My new community discovery is [livejournal.com profile] daily_granola ("Finding your Inner Hippy One Day at a Time") where members post about trying to make one small lifestyle change each day in order to support the liberal agenda. One recent post mentioned the 100-Mile Diet. The idea is to draw a 100-mile radius around your home and eat only what you can get from that area. (A group doing this in San Francisco is trying a month-long Eat Local Challenge during the month of May).

If it were up to me, I would try this. But I have a family of extremely temperamental eaters, and I think it would be quite difficult for our family to do. Still, I'm intrigued. It would be interesting to do just one day of eating locally, and try to work up to a week. It is worth thinking about.
pegkerr: (Shakespeare)
Inspired by my new CD When Love Speaks, which I have been playing on endless repeat ever since I got it, I have been reading Shakespeare's Sonnets on this website. I have taught Shakespeare at the college level. I have read many of the sonnets before, and memorized some of them, and I am probably much more familiar than most Americans with the plays; I was in a Shakespeare reading group that met every other week for years to read his plays aloud.
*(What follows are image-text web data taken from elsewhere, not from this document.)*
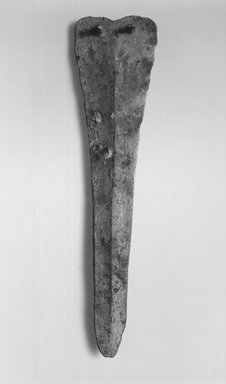  <em>Dagger</em>, ca. 2300 B.C.E. Bronze, 1 5/8 x 6 3/8 in. (4.1 x 16.2 cm). Brooklyn Museum, Charles Edwin Wilbour Fund, 35.774. Creative Commons-BY (Photo: Brooklyn Museum, CUR.35.774_print_bw.jpg)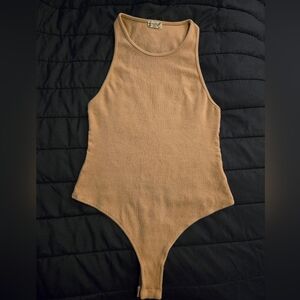 Intimately Free People Tan Ribbed Body Suit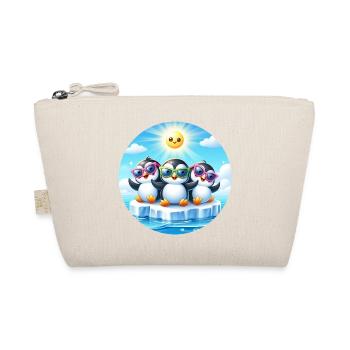 Funny Penguins 2 - Organic Pouch - nature - Front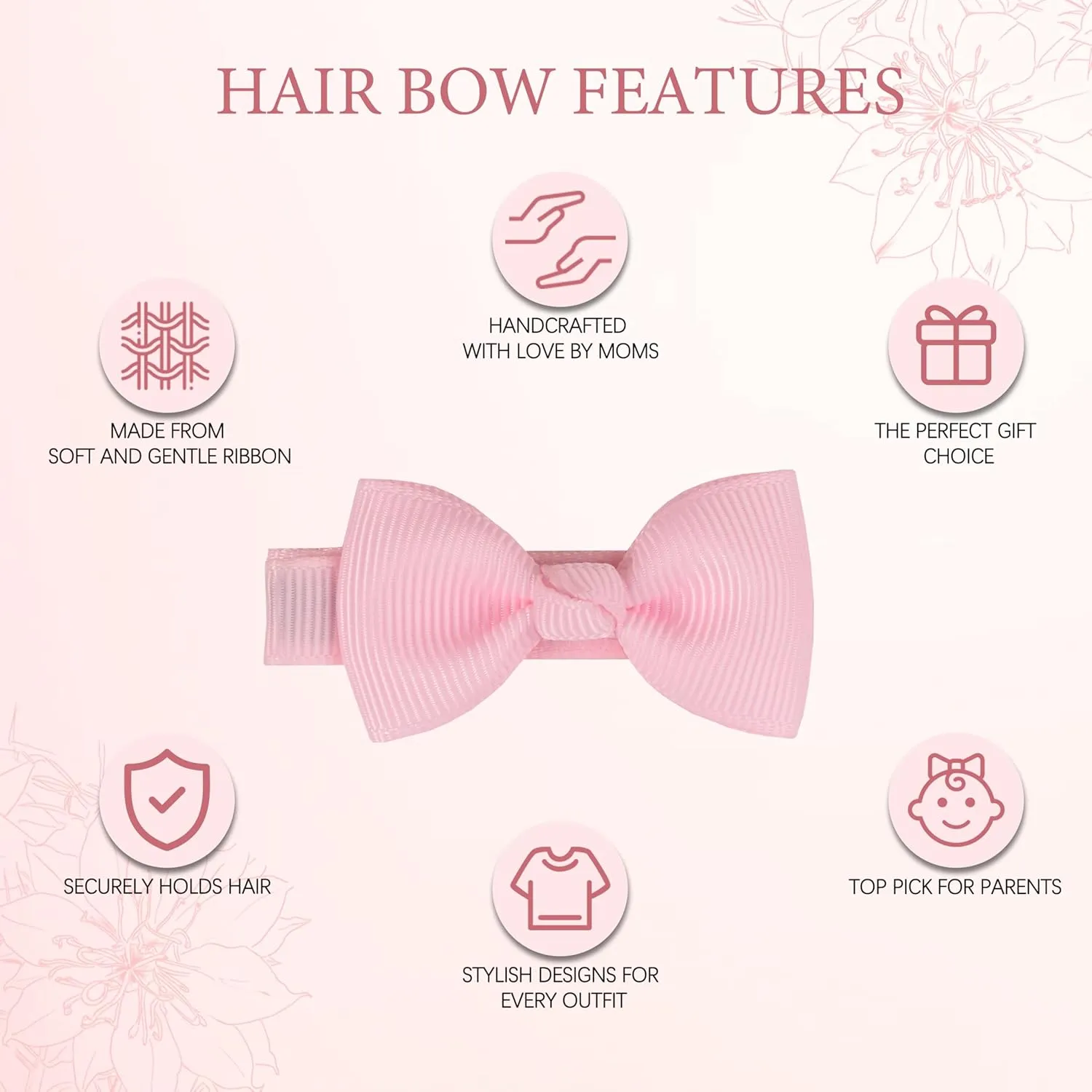 50 Pieces 25 Colors Fully Lined No Slip Hair Clips, Barrettes, Hair Accessories for Girls, Toddlers, Infants (Candy Colors 50pcs)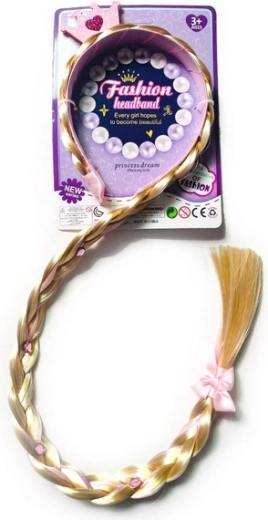 Čelenka s dlhým vrkočom 70 cm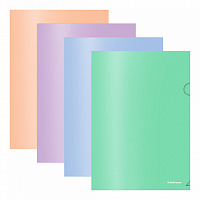 Папка-Уголок А4 Matt Pastel Bloom непрозрачная, пластик 0,18мм  ЕК61133   1/12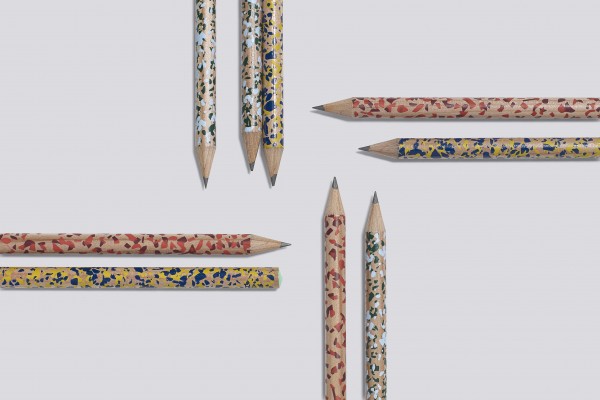 Terrazzo pencils, in store now.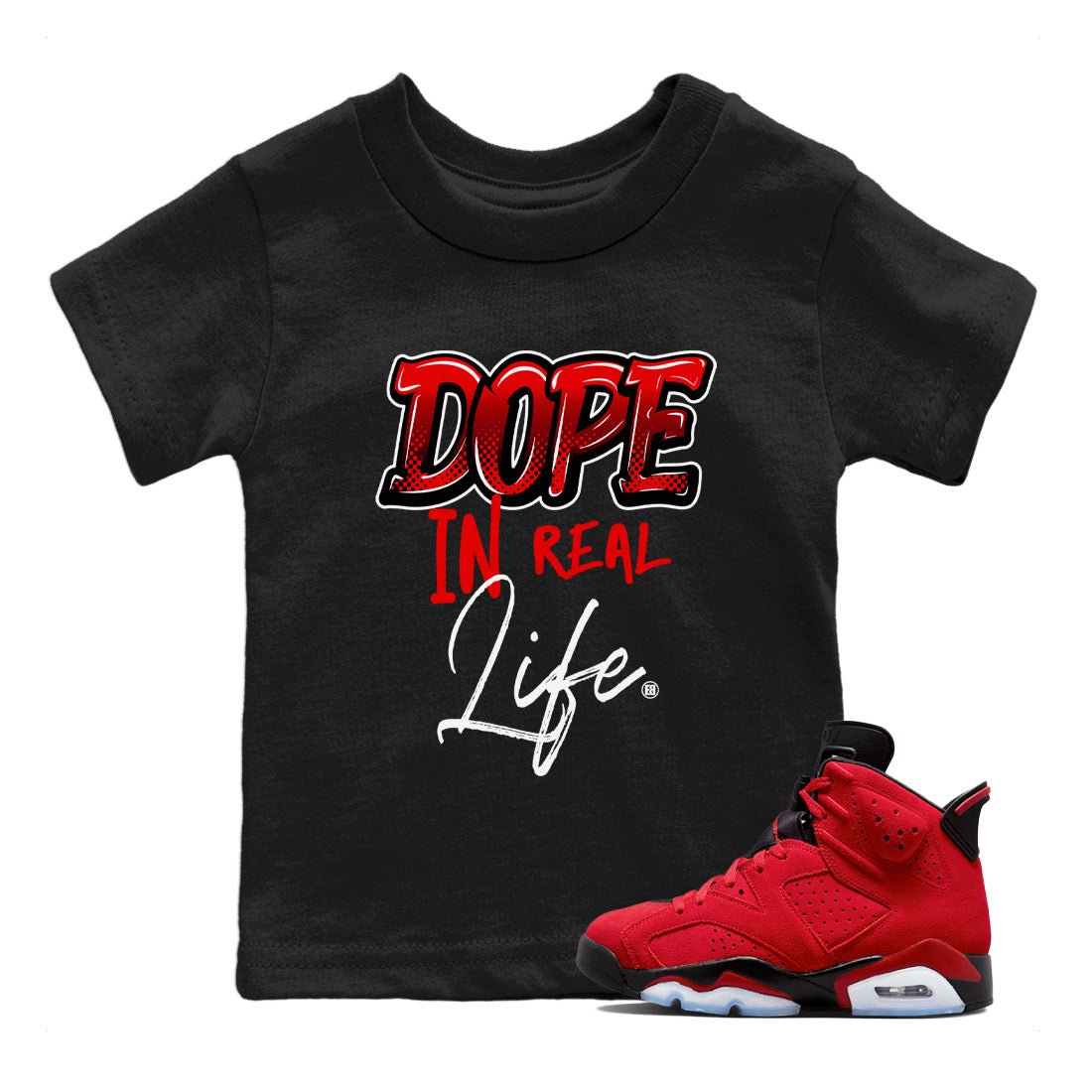 Air Jordan 6 Toro Bravo Sneaker Match Tees Dope In Real Life Sneaker Tees Air Jordan 6 Toro Sneaker Release Tees Kids Shirts Black 1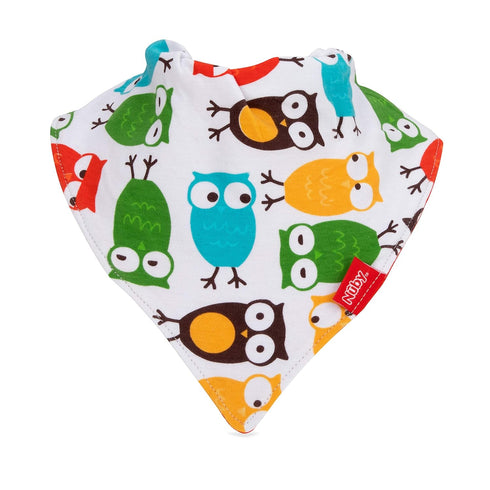 Nuby 2-pk Dribble Catcher Bandana bibs, Super Absorbent Drool Bib with Soft Comfort Neckline, Neutral...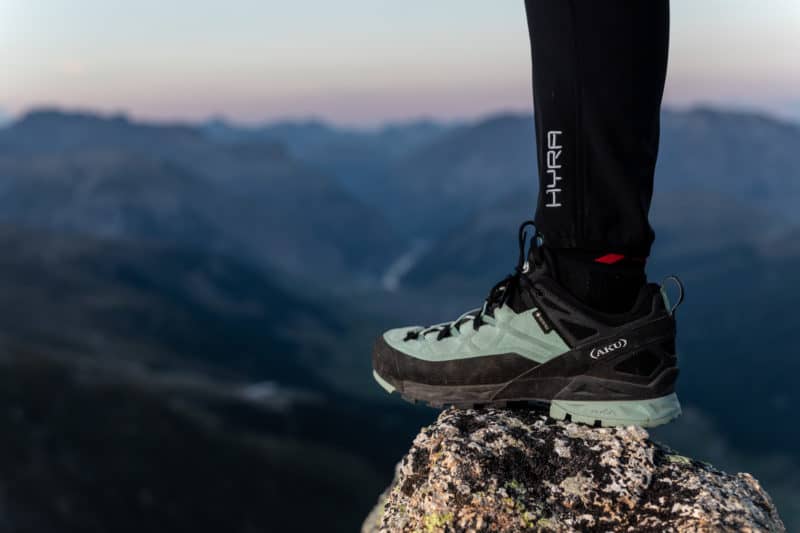 Aku Rock DFS GTX in azione a Livigno durante i nostri test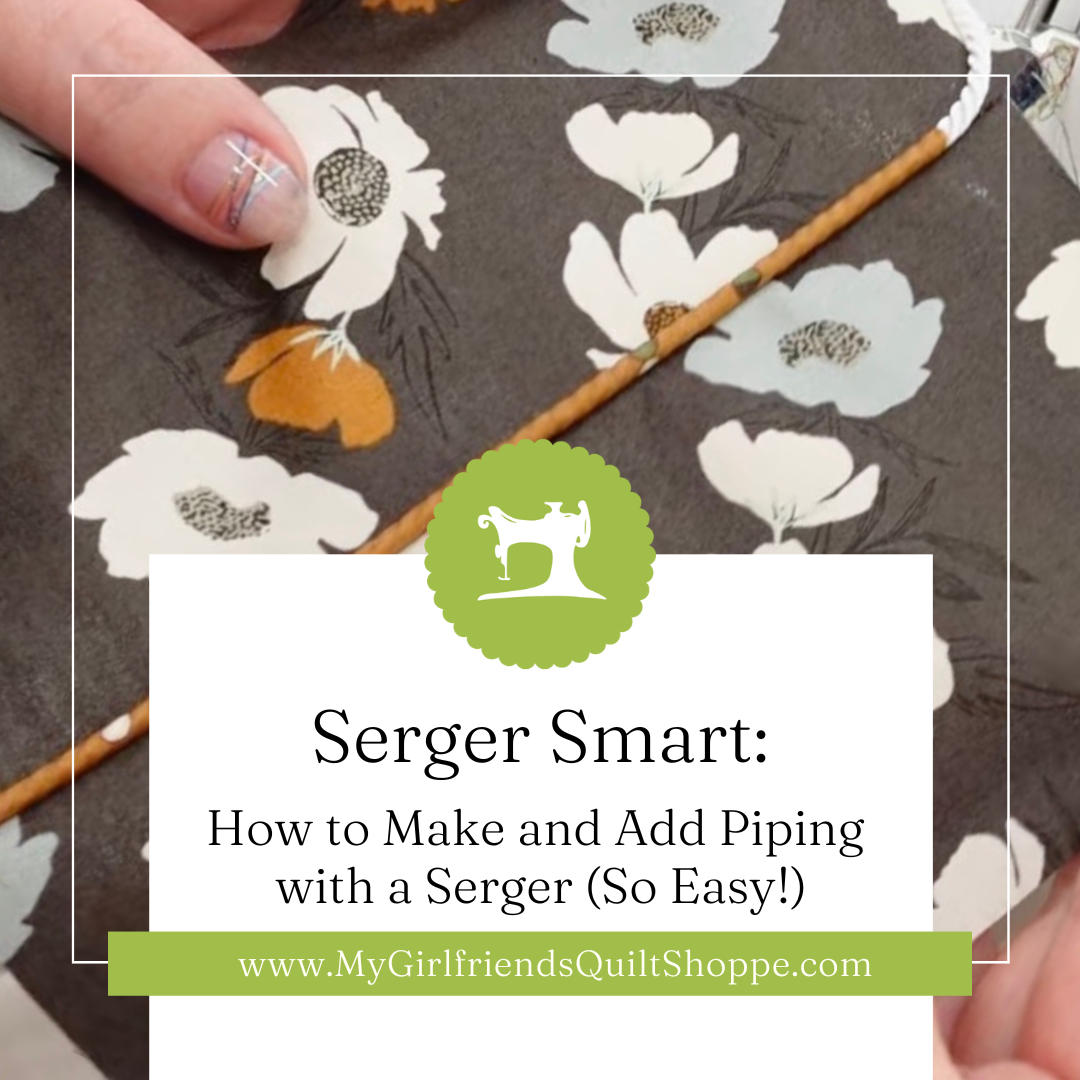 How to Make and Add Piping with a Serger (So Easy!)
But although I have studied the sonnet form and I knew about the Youth and the Dark Lady, I have never sat down and read all the sonnets one after another in sequence before. I'm up through Sonnet 60 or so. I am finding it fascinating (and I like the commentary on this site). I did not realize that such a large proportion of the sonnets were about the youth, rather than the lady. I knew that many of them were bawdy, but did not realize how many of them were specifically homosexually bawdy. And I had not realized quite clearly that they are not discrete poems, but interlocking, some following in story sequence one after the other, telling a larger tale of several relationships, with careful attention to numerology. I am learning a lot. And I am ashamed of how little I knew about this.

Huh. It's never too late to learn.

In other reading notes: also reading [livejournal.com profile] scott_lynch's Lies of Locke Lamora, which is sucking me right in. And am listening to Jim Dale read the Harry Potter books as I work on Quicken to enter my financial accounts, stopping to take notes on any passages having to do with memory, in preparation for the paper I am to write for Lumos.